Contudo, o presidente da Ligay prefere destacar quem apoia, e não quem espalha ódio contra o campeonato. Segundo Evaldt, na última edição da Champions Ligay, realizada em São Paulo, cerca de 4 mil pessoas passaram para assistir o campeonato no final de semana em que estava ocorrendo.
“As federações tradicionais tiveram 120, 115 anos pra se organizar. Nós conseguimos, em 8 anos, não nos igualar em poderio, mas temos conseguido conquistar muita coisa”, diz Renan Evaldt.
À beira do campo
Para jogar no Magia, é obrigatório pagar uma mensalidade de R$ 85,00 para ajudar a cobrir os custos. A comunidade viu muitas pessoas não conseguirem se reerguer depois da pandemia e das enchentes de maio de 2024, além de ter jogadores em situação de vulnerabilidade social. “No auge, antes da pandemia, a gente tinha 350 pessoas”, revela Evaldt. Na noite de sexta-feira, no retorno aos treinamentos, são 15 jogadores participando.
Alguns atletas vestem o uniforme preto com uma listra azul e outra vermelha do Magia. Só três pessoas acompanham o treino à beira do campo. Uma delas é Renan, que deixou o posto de zagueiro para ficar exclusivamente na gestão da Ligay e do time. “A gurizada corre muito. Não aguento”, brinca. Ele comenta que tem pouco tempo para jogar, uma vez que, além do seu trabalho regular, faz cerca de 160 reuniões anuais envolvendo questões da Liga.

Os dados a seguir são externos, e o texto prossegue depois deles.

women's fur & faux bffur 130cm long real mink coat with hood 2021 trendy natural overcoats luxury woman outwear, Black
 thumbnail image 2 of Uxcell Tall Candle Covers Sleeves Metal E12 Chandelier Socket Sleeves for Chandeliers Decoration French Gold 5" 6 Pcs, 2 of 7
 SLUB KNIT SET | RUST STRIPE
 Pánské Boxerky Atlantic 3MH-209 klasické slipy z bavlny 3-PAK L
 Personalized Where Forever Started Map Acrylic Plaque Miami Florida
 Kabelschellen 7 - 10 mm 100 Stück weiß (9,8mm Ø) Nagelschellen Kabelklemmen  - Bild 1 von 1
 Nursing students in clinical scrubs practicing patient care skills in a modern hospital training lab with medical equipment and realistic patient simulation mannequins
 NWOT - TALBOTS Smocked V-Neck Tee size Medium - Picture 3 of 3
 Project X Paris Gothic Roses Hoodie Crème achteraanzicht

A segunda pessoa que acompanha de fora o treinamento na Orla do Guaíba é o treinador da equipe, Cristofer Macalli. O técnico se juntou ao Magia em setembro de 2025, comandando o time às quartas de final da Champions Ligay.
Trabalhando profissionalmente desde 2022, antes, em 2018, já treinava equipes do futebol amador e do futsal. Desde então, acumulou passagens, em especial, por times femininos e de base, como as Gurias Coloradas do Sport Club Internacional, onde foi campeão gaúcho Sub-17 e trabalhou como auxiliar técnico no time campeão brasileiro Sub-20, além do Flamengo de Tenente Portela, no Norte do Estado.
Hoje, além do Magia SC, Cristofer também é técnico do Tamoio FC, clube de Viamão que trabalha exclusivamente com futebol de categorias de base, seja masculino ou feminino.
Em ritmo de começo de temporada, o foco é no desempenho físico. Exercícios de força e resistência, alongamentos e um aquecimento básico. Tudo pensado pelo treinador Macalli para colocá-los em condição de um jogo completo o mais rápido possível.
Enquanto observa os jogadores do Magia, Cristofer diz que falta um “rabiscador” no elenco, alguém que parta pra cima do adversário com velocidade e habilidade, com um drible diferenciado. “A gente já jogou bem, o desempenho foi bom. Então a intenção é desempenhar melhor e ter um resultado melhor”, aponta.
Macalli conta que, em menos de seis meses com a equipe, já conseguiu se aproximar e conquistar a confiança dos jogadores, e também “mostrar que, aqui dentro, todo o mundo é igual, não tem diferença alguma”. “Aqui eles são tratados como jogadores, como atletas”, ressalta.
“Teve uma dinâmica que eu fiz com eles em dezembro do ano passado para unir bem o grupo e para falar sobre o que eles superam no dia a dia”, relembra o técnico. “Obviamente, eu não sei como é. Eu não sinto na pele. Mas eu imagino que, pela minha vivência, por ter amigos gays, por vir do futebol feminino, onde também há bastante preconceito, e por eu já ter trabalhado no futebol gay, já dá uma bagagem para eu entender um pouco do que eles realmente passam”.
“A palavra é ‘gratificante’. É gratificante até por eu ser hétero e eles abrirem portas para mim. Eles poderiam muito bem optar por um treinador gay, mas eles acreditaram no meu trabalho. Eu me sinto muito gratificado. E trabalhar com eles no dia a dia é divertido, é engraçado, é legal, é bacana”, comenta Cristofer Macalli.